### Material provided
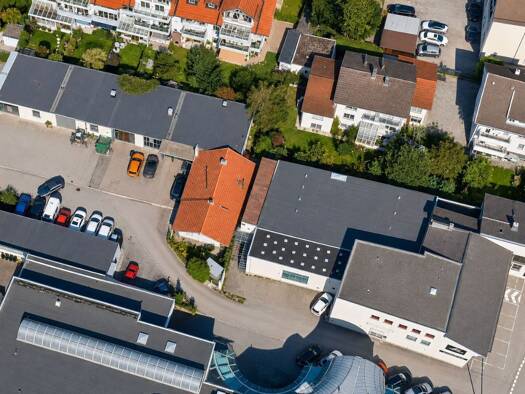 Haus zum Kauf 1.495.000 € 12 Zimmer 1.000 m² 1.433 m² Grundstück Aising Rosenheim 83026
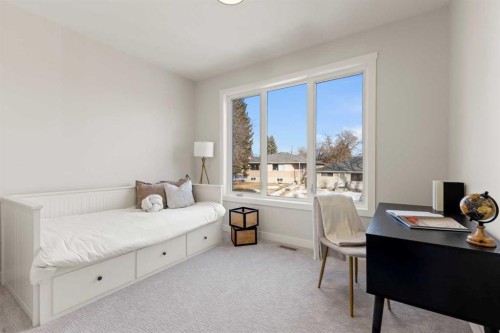 3107 42 Street Sw, Calgary, AB - Indoor Photo Showing Bedroom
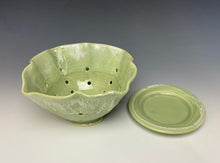 Load image into Gallery viewer, Key Lime Lotus Berry Bowl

### What to work on
The whole listing must be transcribed exactly. No pictures belong in the copy.

### Solution
 Haus zum Kauf 1.495.000 € 12 Zimmer 1.000 m² 1.433 m² Grundstück Aising Rosenheim 83026
 3107 42 Street Sw, Calgary, AB - Indoor Photo Showing Bedroom
 Load image into Gallery viewer, Key Lime Lotus Berry Bowl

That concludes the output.